The application of the developed sensor for performing ECG was also demonstrated. The hydrogel sensor was placed on the chest next to a pair of medical-grade wet gel Ag/AgCl electrodes as the gold standard for recording ECG signals simultaneously (
Figure 4d). The signals with essential ECG characteristic peaks of P, Q, R, S, and T were recorded using both sets of sensors and electrodes; the results in
Figure 4e demonstrate significantly higher signal amplitude measured by the hydrogel sensor than the medical-grade electrodes. As a result, the SNR of the ECG signals recorded using our sensor was 11.39 dB higher than that measured by the medical-grade wet electrodes (33.55 dB compared to 22.16 dB). A motion artifact study was performed while recording the ECG concurrently using our sensor and medical-grade wet gel electrodes. The motions were induced by poking the skin using a glass rod in the vicinity of the sensor and medical-grade electrodes. The results presented in
Figure 4f show that our sensor is significantly less susceptible to motion, while the medical-grade electrodes have shown significant artifacts in the ECG signals. The lower motion artifact of the hydrogel-based sensor is due to its high deformability and softness, as well as its efficient self-adhesion and conformability to the skin’s microscopic features, which ensures a stable sensor-skin interface and high sensing performance.
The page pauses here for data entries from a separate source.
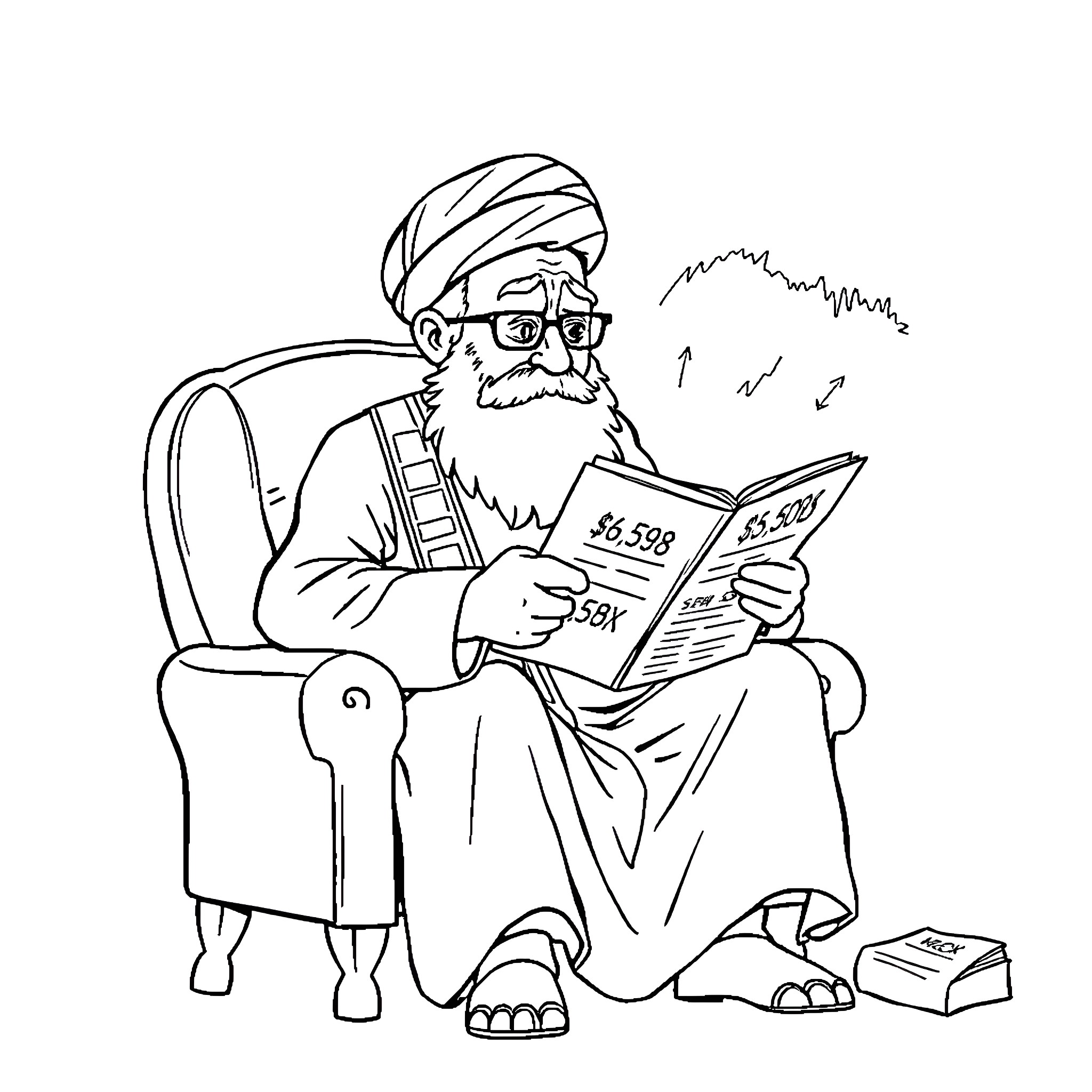 Ayatollah reading intently from religious text Coloring Page (free black-and-white line drawing printable PDF for all, from beginners to advanced learners, including children, teens, adults, and seniors)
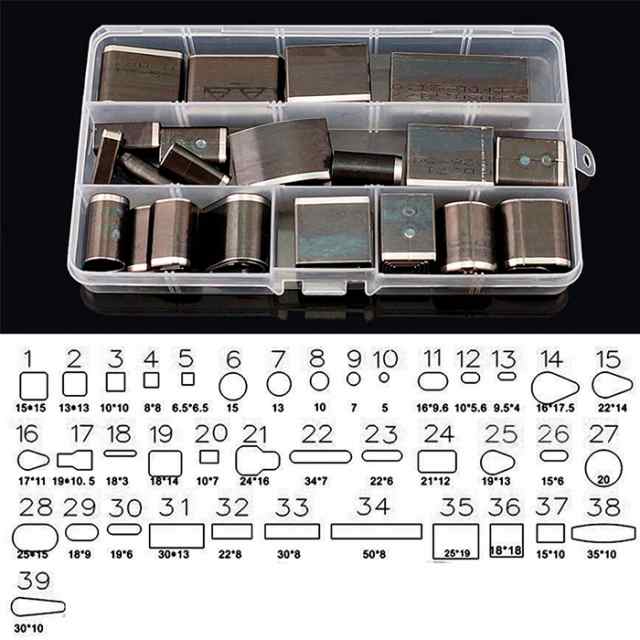 レザークラフト 型抜き 金型 抜き型 革 丸 四角 スクエア ポンチ 39個
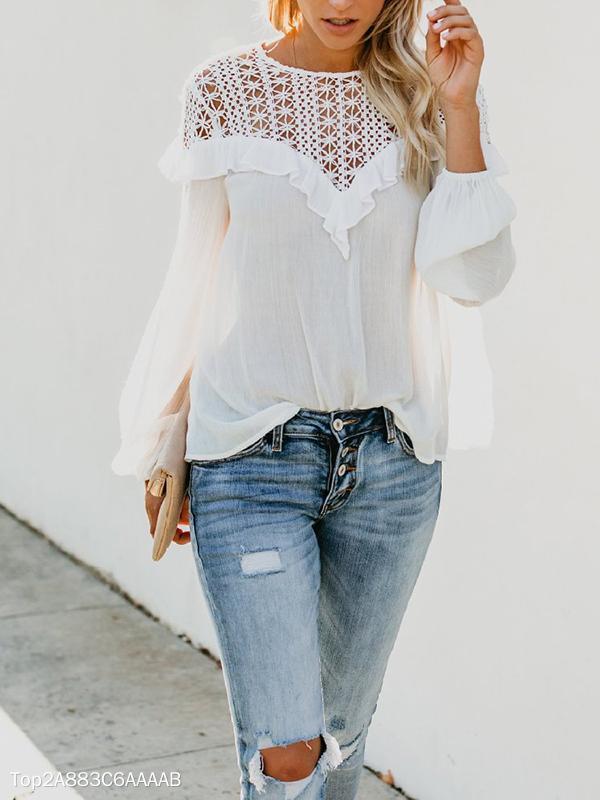 Round Neck  Hollow Out Plain  Blouses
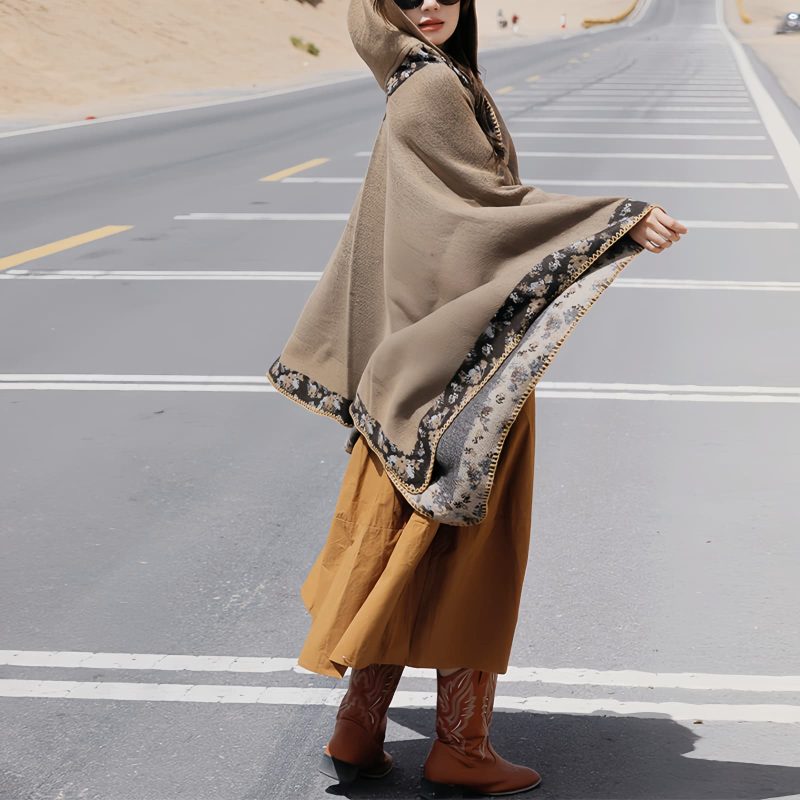 Tibetan Small Floral Hooded Shawl Tibetan Small Floral Hooded Shawl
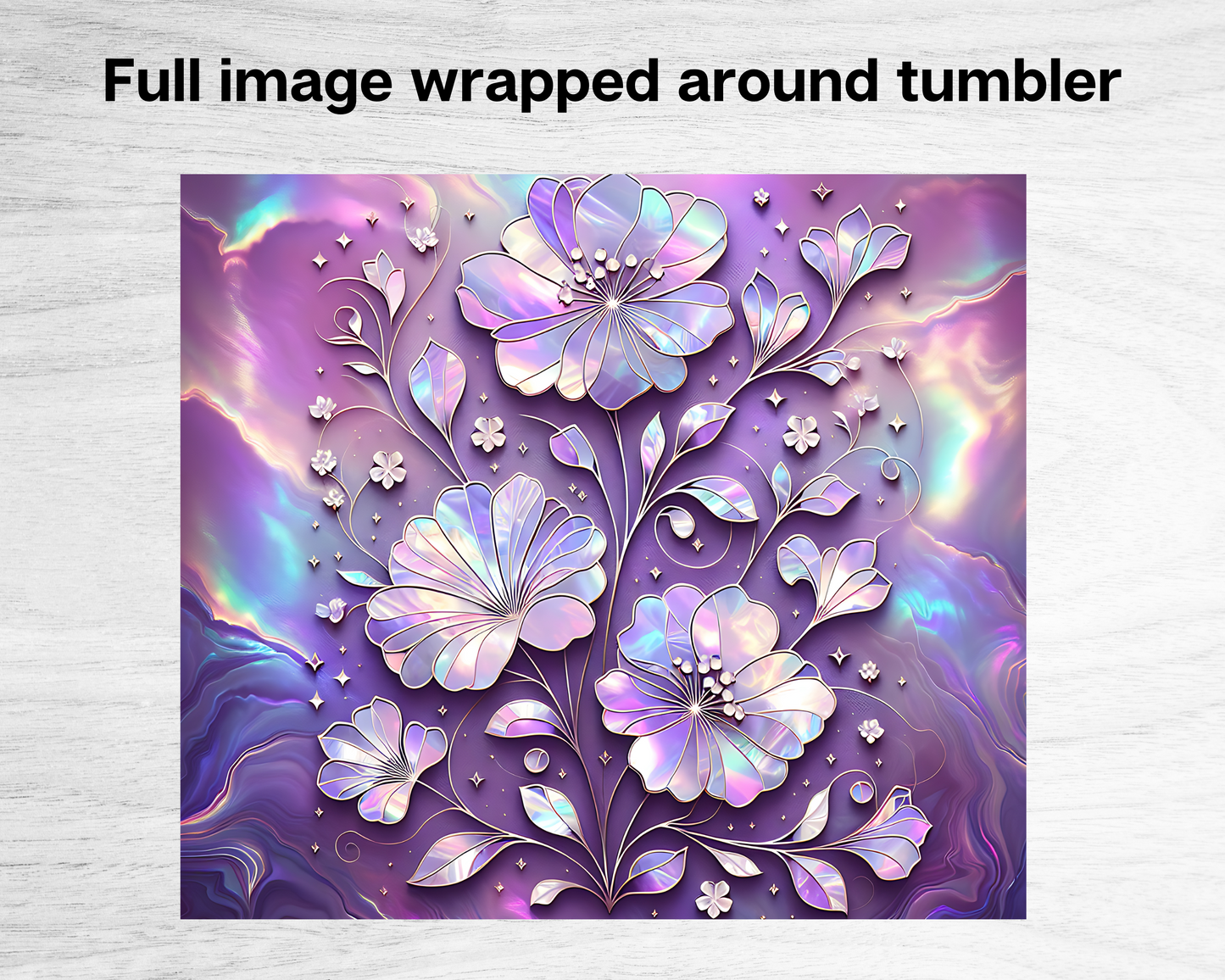 20oz Skinny Duo - Iridescent Purple Flowers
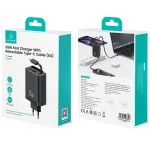 شارژر دیواری یوسمز CC299 با توان 65 وات، فناوری GaN، دو پورت USB-A و Type-C و کابل داخلی جمع‌شونده، مناسب شارژ سریع گوشی، تبلت و لپ‌تاپ.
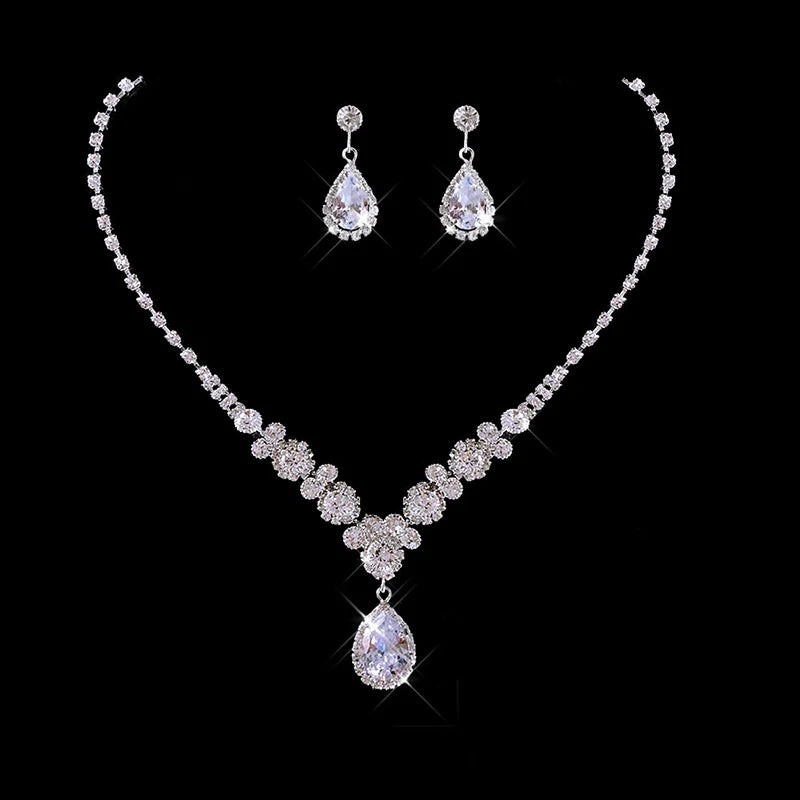Elegant Teardrop Necklace & Earrings Jewelry Set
Wearable sensors have been successfully applied for long-term health monitoring during daily life. Signal quality, comfort, and skin reactions are the most important aspects of long-term electrophysiological sensing. To study the capability of the hydrogel-based sensor for long-term monitoring, it was worn for 24 h, and EMG was recorded after wearing it on the forearm for 2, 5, 8, and 24 h. As can be seen in
Figure 5a, the signal quality of the recorded EMG signals did not degrade over time but even slightly improved. This is because of the self-adhesion and enhanced conductivity of the hydrogel sensors, as well as the high stability of the sensor-skin interface due to the existence of the Ecoflex frame that acts as an encapsulation. Thus, the sensor demonstrated its capability of being used for long-term sensing.
Figure 5b shows the changes in the sensor-skin interface impedance in the frequency range of 20 Hz to 1 kHz by time. This result shows that the interface impedance decreases over time in the first 24 h after wearing the sensor, which can be attributed to sweating and increasing the water and salt content at the interface of the sensor with the skin. After removing the sensor, as shown in
Figure 5c, there was no sign of irritation and/or allergic reaction to the sensor. However, in the case of medical-grade Ag/AgCl wet gel electrodes (3M), a clear indication of skin irritation was observed.
Finally, the long-lasting property and extended lifetime of the sensor were investigated. In order to study the reusability and lifetime of the hydrogel sensor, the sensor-skin interface impedance and ECG signals were measured after storing a used sensor for a period of 2 months in an ambient environment. The hydrogel sensors inevitably dry out even when stored in a sealed container, which limits the lifetime and reusability of the hydrogel-based sensors. However, the developed sensor can be used and stored for an extended period of time and can restore its full electrical performance after the rehydration process. As shown in
Figure S7, a used sensor that was stored for 2 months was fully rehydrated in 15 min by adding a drop of water on each electrode in the sensor to rehydrate it.
Figure 5d shows the sensor-skin interface impedance of the rehydrated hydrogel sensor, which decreased significantly from 304.9 kΩ before rehydration to 26.7 kΩ after rehydration at 1 kHz, and it is very similar to that of the as-prepared hydrogel sensor, indicating a full restoration of the used and stored sensors. As a result, the ECG signals recorded by the reused and rehydrated sensor demonstrated high amplitude and clear characteristic P, Q, R, S, and T peaks (
Figure 5e). These results demonstrate the extended lifetime and high reusability of the hydrogel sensor, making it a good candidate for long-term health monitoring.